Soros, Stiglitz and other establishment critics of neo-liberalism draw upon the work of John Maynard Keynes, who believed in the necessity of managing capitalism, both to provide a fair society and to maintain a capitalist system. During the 1930s Europe and North America were plunged into recession. Economies shrank and unemployment figures mushroomed to millions. The resulting turmoil fuelled the political chaos that lead to World War Two. The conventional ‘liberal’ or ‘classical’ free market economists believed that the economy worked best without government controls and tended to automatically correct any disequilibria. If demand for goods fell, prices would fall too and eventually shoppers would increase demand as they snapped up bargains. If individuals were unwilling to borrow money, interest rates (the price of money) would fall, and if rates fell low enough demand for loans would pick up rescuing the economy. Furthermore if workers became unemployed they could cut their wages until firms found them cheap enough to employ. These market advocates believed that apparently humane attempts to deal with poverty and unemployment such as state welfare benefits would simply make the recession deeper by discouraging wage-setting. Even socialist politicians such as Hilferding in Germany and Snowdon in Britain accepted this orthodoxy. As the years went by and liberal policies of non-intervention were accompanied by deeper recession, conventional economics became increasingly discredited. The only economies that seemed to work were to be found in Hitler’s Germany and Stalin’s Russia.

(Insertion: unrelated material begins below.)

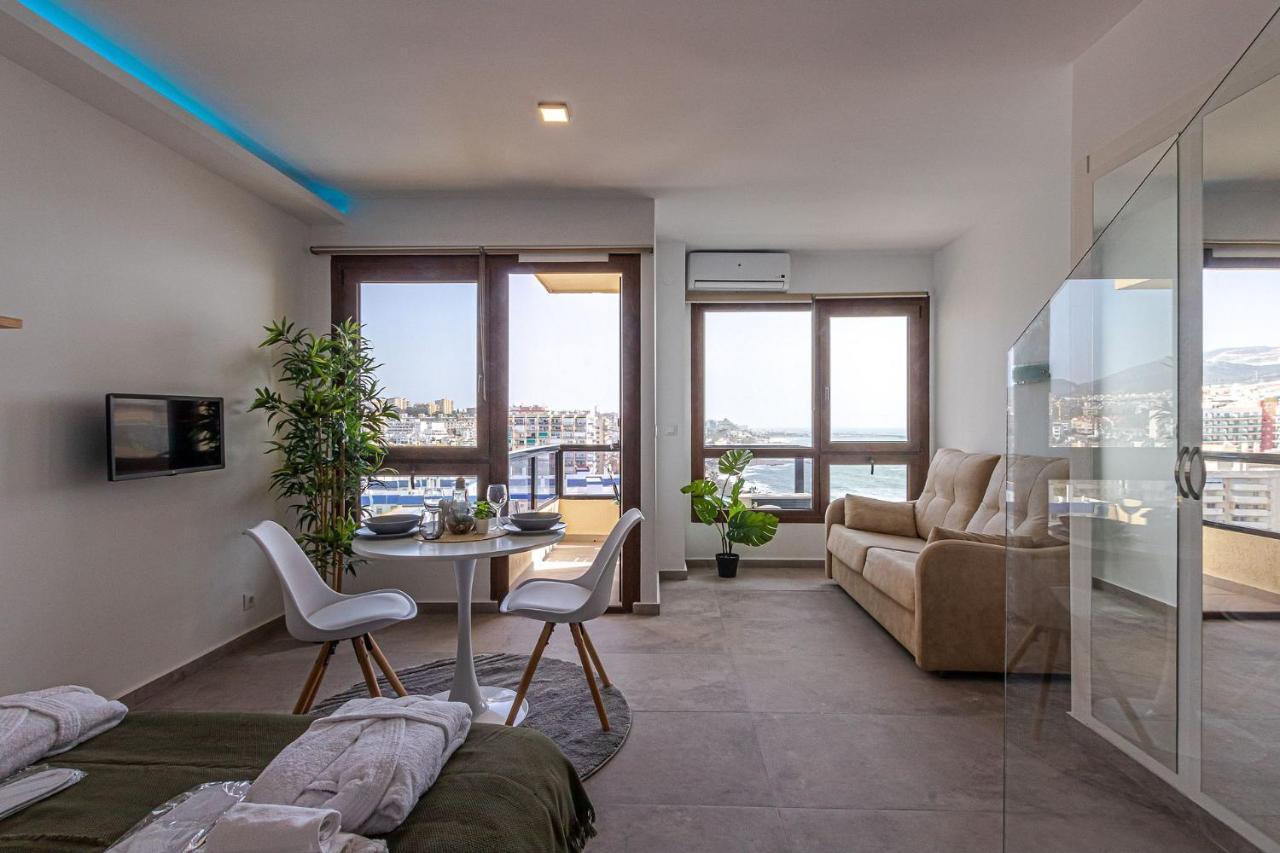 Beachfront With Spectacular Views And Swimming Pool Benalmadena Luaran gambar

By the late 1930s the western economies were slowly pulling out of slump and demand rose with employment as war led to large factory orders for guns, planes and assorted military paraphernalia. Nonetheless by the 1940s and 1950s the economic orthodoxy was largely abandoned for Keynesianism. Keynes suggested that economics has a psychological element that means if confidence is low, so too is consumption and growth. Prices, wages and interest rates may be ‘sticky’, by which Keynes meant they would not fall easily, because firms, banks and workers may be reluctant to lower them if they feel that they will still suffer when demand is low. Keynes argued that if people think bad economic news is on the horizon they spend less and the bad economic news becomes a recessionary reality. Businessmen and even women are particularly edgy and suffer from a herd mentality, cutting investment when they fear bad economic news. Like deranged beasts they stampede towards slump. The answer is for governments to inject spending in the economy when recession looks likely. In turn if excessive spending threatens the economy, governments can control it by raising taxes and cutting expenditure.

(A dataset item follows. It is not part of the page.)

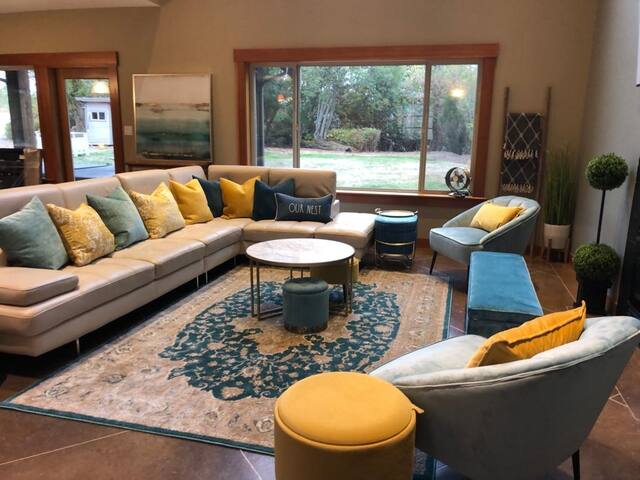 4 BR Farmhouse w/ Pool & Hot Tub gallery image 2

In July 1944 Keynes acted as the British government’s representative to the Bretton Woods Conference in New Hampshire, USA. Bretton Woods aimed to create a new financial architecture and new global institutions to restore economic stability and remove the threat of world recession, after the war had been won. It called for the creation of three key institutions. During the 1940s the General Agreement on Trade and Tariffs (GATT), now known as the WTO, was established to sweep away barriers to trade so as to promote faster economic growth. The International Bank for Reconstruction and Development, commonly known as the World Bank, was set up to lend money to countries, initially for restoration of infrastructures decayed during recession and smashed by war. Its role has increasingly shifted towards funding development projects in the south of the globe. Finally the IMF was created to help countries faced with severe debt problems or balance of payments deficits. Stiglitz sees all three institutions as essentially Keynesian, examples of government intervention, aimed at making the market work and capitalism expand.